Nasim was arrested by the Brigade Commander of 14 Independent Engineers Brigade and put under house arrest in the Army Mess behind Army Central Library, Staff road, Dhaka Cantonment. Later Awami League government, which was elected to power in 1996, granted him a formal retirement. Since then, he has remained a private citizen.

==2007 coup against caretaker government==

Army Chief Lt. Gen Moeen U. Ahmed staged a military coup on 11 January 2007.
The military-backed Caretaker Government (CTG) was formed outside the constitutional provisions. Fakhruddin Ahmed was made head of government. President Iajuddin Ahmed had to run the presidency at gun point during said army rule. Lt. Gen. Moeen upgraded the Army Chief of Staff's rank to General. Moeen extended the rule of the CTG for two years and his tenure as army chief for one year. The coup ended in 2008 after the military government held a parliamentary election in December 2008 and transfer of power was handed over to the Awami League, which won 230 seats in parliament.

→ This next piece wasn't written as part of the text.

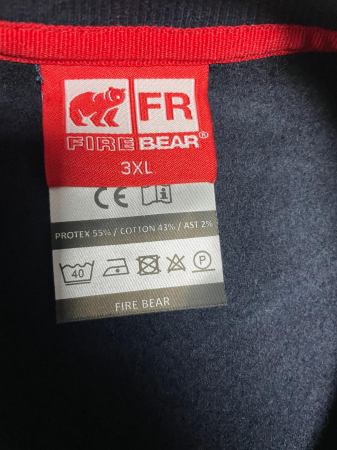 Fire Bear bluza                                  3XL [2]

==2009 Bangladesh Rifles revolt==

The Bangladesh Rifles revolt was a mutiny staged on 25 and 26 February 2009 in Dhaka by a section of the Bangladesh Rifles (BDR), a paramilitary force mainly tasked with guarding the borders of Bangladesh. The rebelling BDR soldiers took over the BDR headquarters in Pilkhana, killing the BDR Director-General Shakil Ahmed along with 56 other army officers and 17 civilians. They also fired on civilians, held many of their officers and their families hostage, vandalised property and looted valuables. By the second day, unrest had spread to 12 other towns and cities. The mutiny ended as the mutineers surrendered their arms and released the hostages after a series of discussions and negotiations with the government.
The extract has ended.